2007 WSU Center for Real Estate and Kansas CCIM Chapter Lifetime Achievement Award

Each year the WSU Center for Real Estate and the Kansas Chapter of Certified Commercial Investment Members (CCIM) present their annual Lifetime Achievement Award. The award honors local professionals who have made outstanding contributions to the commercial real estate profession and is a great honor and a tribute to individuals who represent the finest examples of Wichita’s rich history of entrepreneurship in the real estate industry.

2007 Honoree – George Ablah
George Ablah

By Bill Wilson, The Wichita Eagle

George Ablah, the man credited with helping drive east Wichita’s development, was honored Friday with the Kansas Certified Commercial Investment Member chapter’s third Lifetime Achievement Award.

Ablah, 78, was presented with artwork during the chapter’s annual December banquet at Crestview Country Club. He joins Colby Sandlian and Jack Hunt as recipients of the professional group’s highest honor.

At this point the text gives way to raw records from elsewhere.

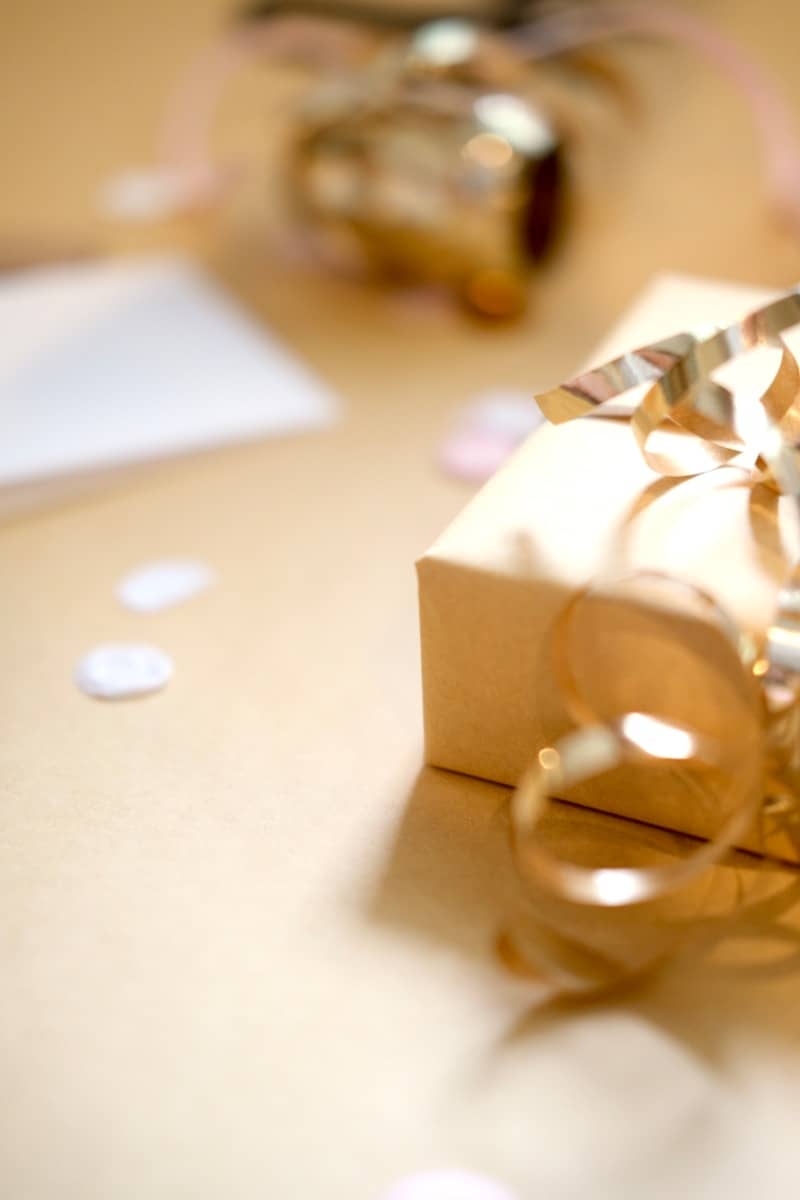 A gift box with golden ribbon and confetti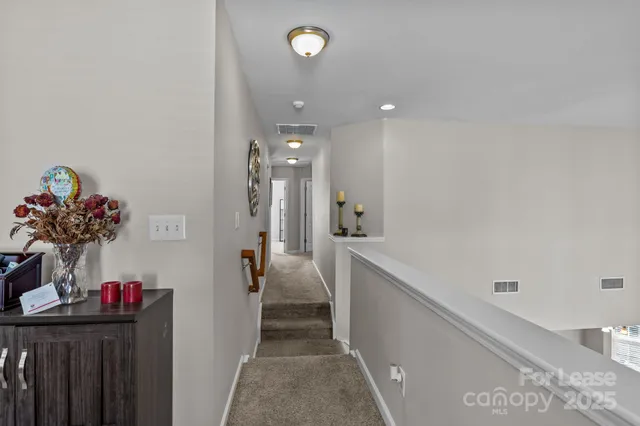 a front view of a house with a tree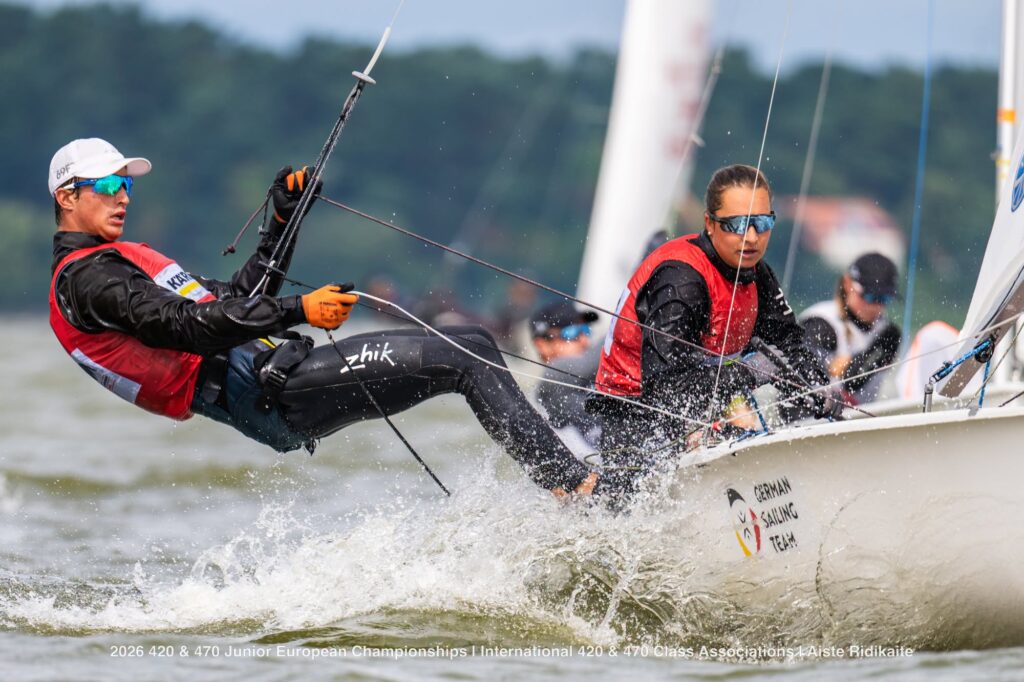 Eine Frau und ein Mann mit roten Schwimmwesten auf einer 470er Jolle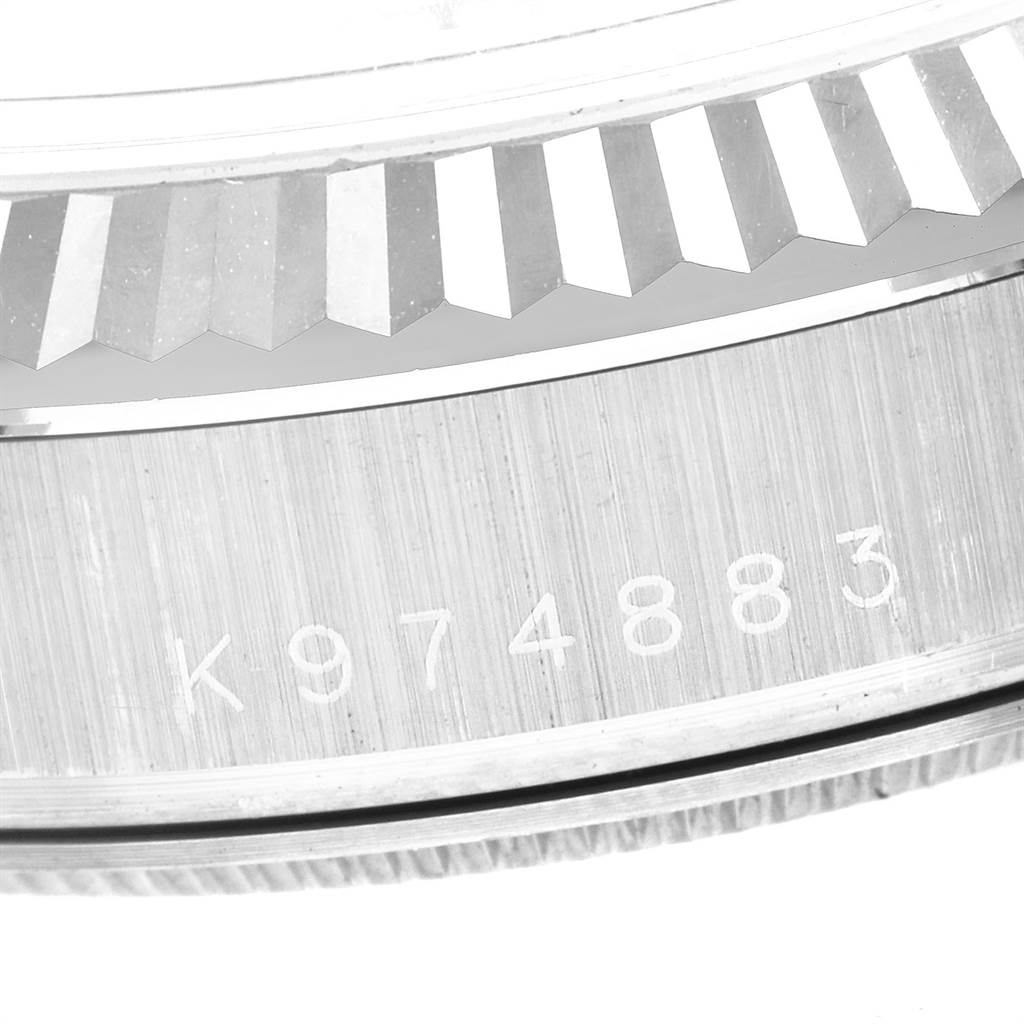 Shown is a close-up of the serial number and fluted bezel of the Rolex President 118239 Men's White Gold Brown Dial 118239 Men's White Gold Brown Dial model watch.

Introduced by his brother, Don, as a man who’s “good at figuring out how the system works and then working the system,” much of Ablah’s speech centered on his business friendships with Fred Koch and his son, Charles.

He credited Fred Koch’s support for the first $2 million loan that jump-started his real estate career, and called Charles Koch “the second-best business partner I’ve ever had . . . next to the woman I married 50 years ago.”

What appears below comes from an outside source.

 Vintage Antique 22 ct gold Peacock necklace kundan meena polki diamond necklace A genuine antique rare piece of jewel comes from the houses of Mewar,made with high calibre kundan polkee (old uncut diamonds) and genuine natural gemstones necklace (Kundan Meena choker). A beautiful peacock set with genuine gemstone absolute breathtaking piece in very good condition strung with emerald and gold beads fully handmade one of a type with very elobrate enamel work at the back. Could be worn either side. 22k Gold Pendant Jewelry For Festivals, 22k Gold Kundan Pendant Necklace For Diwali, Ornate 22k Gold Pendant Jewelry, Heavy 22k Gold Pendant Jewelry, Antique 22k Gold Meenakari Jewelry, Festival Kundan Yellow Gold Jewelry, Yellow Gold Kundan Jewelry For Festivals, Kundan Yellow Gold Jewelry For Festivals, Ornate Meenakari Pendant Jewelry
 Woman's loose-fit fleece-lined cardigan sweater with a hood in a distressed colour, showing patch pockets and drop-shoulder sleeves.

Fred Koch’s referral to his Minnesota bankers was critical, Ablah said, because a “young Lebanese guy” couldn’t gain acceptance in the Wichita business market.

“Most of the deals I did early in my career were outside Wichita (for that reason),” he said. “I had a different image in other cities and that’s why I did there what I couldn’t do here.”

Ablah talked about his deals with Charles Koch: The purchase of Chrysler Realty from Lee Iacocca and their northeast Wichita land deal that eventually facilitated the expansion of K-96.

In his book, “The Science of Success,” Koch – chairman and chief executive of Koch Industries – praises Ablah’s vision and their shared values.

When their company, ABKO, dissolved, Ablah took 2,000 acres in Comotara and a New York City office complex as part of the profits, he said.

The Comotara land quickly came into play when efforts to build a stretch of K-96 in east Wichita stalled. So Ablah and Koch, who controlled 2,000 acres that now includes his Koch Industries offices, donated about two-thirds of the land to the state, which otherwise couldn’t afford to start the project.

“I think that’s really made a significant change in Wichita, and I’m very pleased with that,” Ablah said.

Tony Utter, outgoing president of the CCIM chapter, credited the K-96 donation with “furthering a lot of real estate careers in Wichita.”

“In addition to fast travel across town, that really spurred a lot of economic development,” he said.

“I know I would have done a lot fewer deals without it.”

Mr. Ablah is the third recipient of this award, joining Colby Sandlian and the late Jack Hunt.